Handpicked by Jack Welch for the job of chairman and CEO, Jeffrey Immelt once told me in an interview that he had never had a big idealistic bent toward the environment. Yet today, GE earns nearly $20 billion in annual revenues from its green initiative products and services.

Immelt also once told me a leader should expect to adapt to the unexpected. So when Goldman Sachs preaches transparency, or when President Obama moves to the center two years after his election, we shouldn't be surprised. Neither should we be surprised by the attacks on Immelt for his positioning.
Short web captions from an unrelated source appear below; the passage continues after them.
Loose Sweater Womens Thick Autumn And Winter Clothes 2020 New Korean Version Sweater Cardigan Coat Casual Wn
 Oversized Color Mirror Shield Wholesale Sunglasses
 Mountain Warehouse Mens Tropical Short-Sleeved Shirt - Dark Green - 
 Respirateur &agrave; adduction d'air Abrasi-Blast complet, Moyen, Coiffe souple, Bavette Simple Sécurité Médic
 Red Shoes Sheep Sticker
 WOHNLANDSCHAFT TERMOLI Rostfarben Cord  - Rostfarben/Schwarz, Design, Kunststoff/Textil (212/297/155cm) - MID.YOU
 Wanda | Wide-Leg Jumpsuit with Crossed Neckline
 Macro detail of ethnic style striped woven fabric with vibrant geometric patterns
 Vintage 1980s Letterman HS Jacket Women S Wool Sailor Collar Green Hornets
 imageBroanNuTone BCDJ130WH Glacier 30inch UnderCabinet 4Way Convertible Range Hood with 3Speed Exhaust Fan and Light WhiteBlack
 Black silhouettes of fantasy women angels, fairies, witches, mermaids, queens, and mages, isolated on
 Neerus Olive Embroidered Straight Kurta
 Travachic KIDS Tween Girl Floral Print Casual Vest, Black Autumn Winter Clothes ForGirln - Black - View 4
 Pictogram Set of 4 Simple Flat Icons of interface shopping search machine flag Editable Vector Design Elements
Since the announcement of his appointment to Obama's economic advisory panel, GE's stock price surpassed the $20 barrier, its best performance since 2008, though it has pulled back in the past month. Almost two years ago, when the company's stock price was languishing in the single digits, some called for Immelt's resignation. Even Jack Welch himself said in a CNBC interview at the time, Jeff has a credibility issue. He's getting his ass kicked.

In 2008, despite having an AAA credit rating, GE faced disaster; the company held billions in short-term commercial paper that faced cut-off in the credit crisis. For almost two weeks, Immelt and CFO Keith Sherin gnawed and gnashed until they found a backstop in federal government loans. That was in mid-November 2008, just as a newly elected Barack Obama was getting ready for the White House.

Later, Immelt admitted his foolish ways. He'd escalated a tactic in which the company tried to surprise and delight Wall Street with earnings buoyed by, as it turned out, wagering with borrowed money.

He pledged to do better.

By the time Obama was entering the White House, Immelt had already been engineering a massive, global infrastructure business shift - solving world problems, as he put it. Expanding into areas like rail, water, and electric infrastructure, Immelt's GE was shaping up as nothing close to the company that was founded upon Edison's light bulb.

To get infrastructure deals, Immelt had to become a new kind of leader, something closer to a business-slash-political figure than merely a business figure with lobbying dollars. In China, he dined with prime ministers. In Washington, he found mutual affection and aims with President Obama, who was pushing for federal initiatives in rail and electric infrastructure.

Agility and a penchant for change are not just necessary in the business world, as good leaders know; they're critical to success. In the age called the New Abnormal, Immelt knows this more than most. So while it may seem strange and unusual that he's speaking like a President in an important time of political positioning, for GE's leader it's just another day at the office.